Apple Silicon GPU performance

[Pressure]

A practical example of a device family with greater theoretical tflops numbers than practical graphics performance is AMD’s Vega. The big Vegas were very good compute cards with excellent raw numbers. But for graphics work are often beaten by much weaker (flops wise) RDNA based gpus.

That is because usually graphic cards have 1/32nd FP64 rates and are bandwidth limited.

The VEGA 10 die (used for the Radeon RX 56 and 64) had 1/16th FP64 rate but paired with (at the time) fast HBM with low latency.

The VEGA 20 die (Radeon VII) had 1/2 FP64 with even more bandwidth, so that was a very fast compute card.

Something like the modern NVIDIA Geforce RTX 4090 has 1/64th FP64 rate.

 

[Basic75]

A practical example of a device family with greater theoretical tflops numbers than practical graphics performance is AMD’s Vega. The big Vegas were very good compute cards with excellent raw numbers. But for graphics work are often beaten by much weaker (flops wise) RDNA based gpus.

Another example is AMD RDNA3. The dual issue architecture that should double the FLOPS looks to be nearly useless.

 

[casperes1996]

That is because usually graphic cards have 1/32nd FP64 rates and are bandwidth limited.

The VEGA 10 die (used for the Radeon RX 56 and 64) had 1/16th FP64 rate but paired with (at the time) fast HBM with low latency.

The VEGA 20 die (Radeon VII) had 1/2 FP64 with even more bandwidth, so that was a very fast compute card.

Something like the modern NVIDIA Geforce RTX 4090 has 1/64th FP64 rate.

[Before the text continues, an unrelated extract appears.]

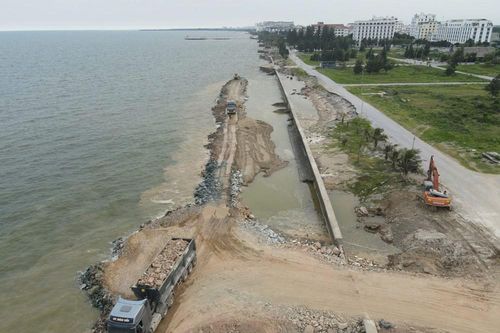 Kè biển hơn 430 tỉ đồng ở Hải Tiến: Tính phương án 'nuôi bãi' để giữ bãi tắm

Those fp64 rates are often artificial to get you to buy Quadro or Fire Pro. At least they used to be. With more diverging architectures for consumer end workstation gpus it may be more real

 

[leman]

That is because usually graphic cards have 1/32nd FP64 rates and are bandwidth limited.

The VEGA 10 die (used for the Radeon RX 56 and 64) had 1/16th FP64 rate but paired with (at the time) fast HBM with low latency.

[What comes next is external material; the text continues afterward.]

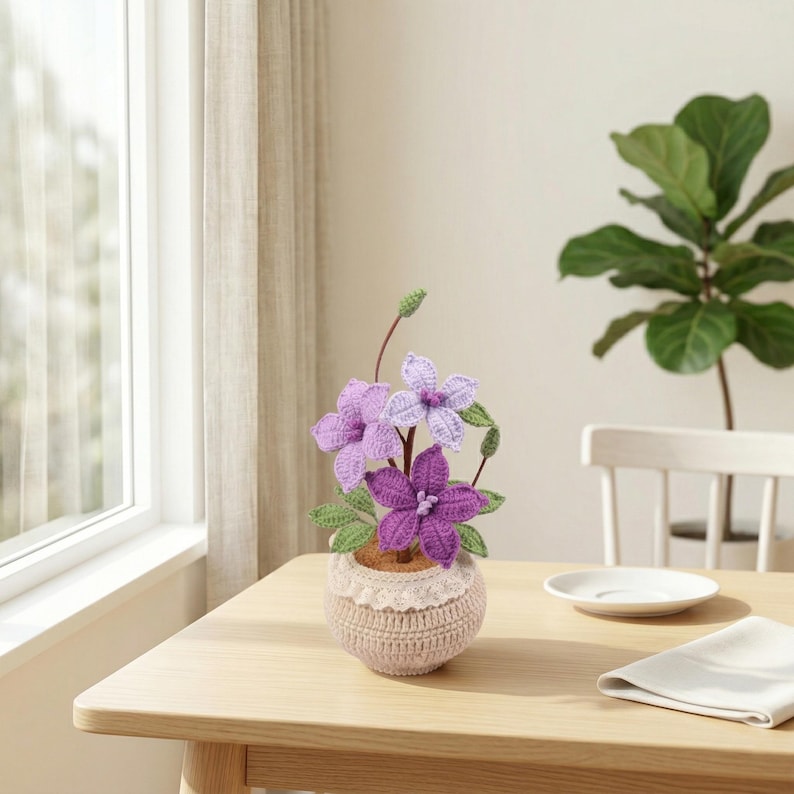 Gehäkelte Orchidee im Topf, handgefertigte Topfpflanze, Dekoration für Zuhause und Schreibtisch, Geburtstagsgeschenk, Muttertagsgeschenk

The VEGA 20 die (Radeon VII) had 1/2 FP64 with even more bandwidth, so that was a very fast compute card.

Something like the modern NVIDIA Geforce RTX 4090 has 1/64th FP64 rate.

Very few applications outside academia care about FP64 performance. Vega architecture was simply better optimized for compute than for graphics. It lacked dedicated graphics resources like ROPs and texturing units, and from what I understand its efficiency when running fragment shaders was not the best either.

The interesting thing about Apple GPUs is that thanks to TBDR it can achieve very decent graphical performance with a compute-focused architecture. In TBDR world, running a fragment shader is as simple as invoking a compute program over a small pixel grid. You don't need to deal with ROPs or any other kind of data races.

 

[leman]

Another example is AMD RDNA3. The dual issue architecture that should double the FLOPS looks to be nearly useless.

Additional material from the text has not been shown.